The "soft on Communism" charge has been plaguing the Democrats ever since McCarthy. Sensitivity to this charge led Democratic Presidents to take us into war in Korea in the '50's, and Vietnam in the '60's. And today, Obama is no doubt sensitive to the charge of "soft on terrorism", the modern counterpart to the old accusation during the McCarthy era. People like Dick Cheney irresponsibly throw this type of charge around every chance they get. No doubt Obama's unfortunate Afghanistan escalation is based on a desire to appear tough on terrorism.

Another point is the danger of letting fear rule our lives. We did it in the McCarthy era, when we lost sight of our core values, and when fear of Communism caused Truman, an otherwise great President, to go off the deep end under the delusion that "fighting Communism" was essential. Today we let fear dictate a surge in our troop presence in Afghanistan, a surge which is totally unsupported by any intellectual thought process. In the process of surging, we will lose more Americans than would otherwise be in danger from terrorist acts.

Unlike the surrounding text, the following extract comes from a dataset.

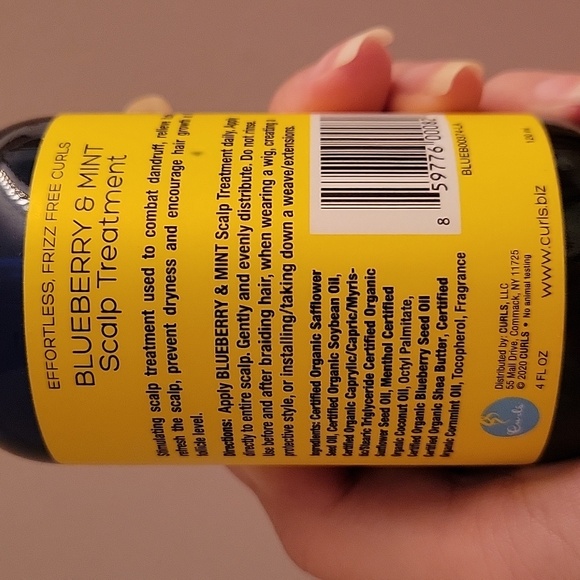 Curls Scalp Treatment - Picture 3 of 3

A final point is that McCarthy showed how negative campaigning can work, if by "work" we mean win an election. We have seen despicable use of negative campaigning by Republicans ever since McCarthy. Nixon hit "law and order" in '68, his point being that Democrats were "soft on crime". Watergate can also be seen as an outgrowth of McCarthyism, the idea that it is an "us against them" world, a world in which it was deemed necessary to compile an "enemies list", and persecute your political opponents using the IRS, the FBI, and the CIA. Ford and Reagan were decent campaigners, but then we come to the first Bush in '88 and his despicable Willie Horton ads, painting Dukakis as soft on crime because of a furlough program, the irony of which is that the federal government at the time had a similar furlough program and a similar mishap which Dukakis could have fired back with had he been willing to get down in the gutter with Bush. Then of course in '04 we had the "Swift boat" ads which lied about John Kerry's war record. All of this can be traced back to the demonstration by McCarthy that just saying negative things, regardless of whether they are factual or not, and repeating those things over and over, will bring success in an age in which the media is willing to disseminate everything you say to a gullible and ill-informed electorate, without offering that public any intelligent analysis of the lies being propagated.